Troubleshoot this odd-looking conversion

Until now I’ve been using NLP mostly on black-and-white negatives with good results. Recently I tried shooting and converting color negatives, and while some were fine, others gave me results with peculiarly uneven tones.

I started my troubleshooting process by shooting a white-balanced, exposure-metered image on my scanning setup with no film in the gate. This resulted in the attached image named ‘positive-1200.’ It may not be perfectly even, but it’s pretty close, as you can see by the histogram in the upper-right corner.

I then converted the test image using NLP at a variety of settings, all of which produced results similar to the attachment named ‘converted-1200’ – a very uneven conversion with a vaguely uterus-shaped pattern of tones.

Is this an expected result caused by NLP’s application of conversion logic to an almost completely uniform “image,” or is some kind of error occurring? If this is how NLP is intended to behave, I’m not sure how to proceed with my troubleshooting, since I won’t know whether anomalies are coming from my process or from its interaction with NLP.

…kind of. NLP needs something to work on. With an input histogram that narrow, output can get unpredictable and strange.

Look at the r, g and b tone curves of the converted file. The curves are steep, which means that slight differences are exaggerated. Whether the output is meaningful or not, I let you decide.

So presumably if I shot a real photo with a very limited range of colors and tones — maybe a gray cat in the fog? — NLP would likewise try to expand it and produce a result different from what I would expect?

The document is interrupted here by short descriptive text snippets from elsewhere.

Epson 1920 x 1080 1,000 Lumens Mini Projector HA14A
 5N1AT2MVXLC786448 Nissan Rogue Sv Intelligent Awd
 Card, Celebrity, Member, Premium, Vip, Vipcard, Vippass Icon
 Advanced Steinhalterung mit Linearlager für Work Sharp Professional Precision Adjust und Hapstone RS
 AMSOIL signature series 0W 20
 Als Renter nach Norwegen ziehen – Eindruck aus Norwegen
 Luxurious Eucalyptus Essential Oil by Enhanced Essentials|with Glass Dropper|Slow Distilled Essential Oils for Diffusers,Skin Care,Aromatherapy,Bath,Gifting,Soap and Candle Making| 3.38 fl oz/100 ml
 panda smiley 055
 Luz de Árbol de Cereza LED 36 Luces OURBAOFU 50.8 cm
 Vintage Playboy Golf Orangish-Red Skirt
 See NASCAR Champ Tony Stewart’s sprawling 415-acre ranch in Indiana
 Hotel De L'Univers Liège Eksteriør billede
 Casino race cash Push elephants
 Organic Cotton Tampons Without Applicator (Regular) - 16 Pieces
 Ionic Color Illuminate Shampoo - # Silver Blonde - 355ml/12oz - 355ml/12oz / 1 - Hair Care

That explanation jibes with the situations in which I’ve observed the issue: a roll that had been in a camera for a couple of years and which had a very “gray” overall appearance, and some underexposed frames from a point-and-shoot camera in which all the tones were faint. “Meaty”-looking negatives made with more ample exposure on fresher films have not exhibited this effect.

I’m still left wondering what I should do if I want to photograph gray cats in the fog and have them come out looking like gray cats in the fog… use transparency film, I suppose!

Follow-up: I went back and reviewed some problem vs. non-problem negatives and confirmed that the negatives that have a narrow tonal range are more likely to yield bizarre results. My theory is that this results because NLP’s expansion of the negative’s tonal range has the side effect of magnifying minor film variations and processing flaws (or in the case of my original example, very slight unevenness of my backlight illumination.)

How narrow is too narrow? I had no direct way to measure this except by the blunt approach of measuring the widths of Lightroom histograms with a caliper! I found that my no-problem negatives had a width roughly twice that of my biggest-problem negatives; in the attachments below, the top screenshot had big problems, while the bottom screenshot had no problems.

Still not sure what to do about gray cats in fog…

narrow_density.jpb

wide_density

Try a shot of a negative that actually contains something real… It makes more sense than converting flat grey objects. I’ve tried it, it’s a waste of time, unless you want to see the structure of the backlight (a Kaiser plano in this case)

upper left: shot of a backlight
upper right: same as above with a very steep tone curve, revealing a diamond shaped pattern -> backlight LEDs are arranged in a diamond pattern (and a lot of dust)
Lower row: NLP conversions of the above.

Lessons learned: The narrower the source histogram, the crappier the conversion.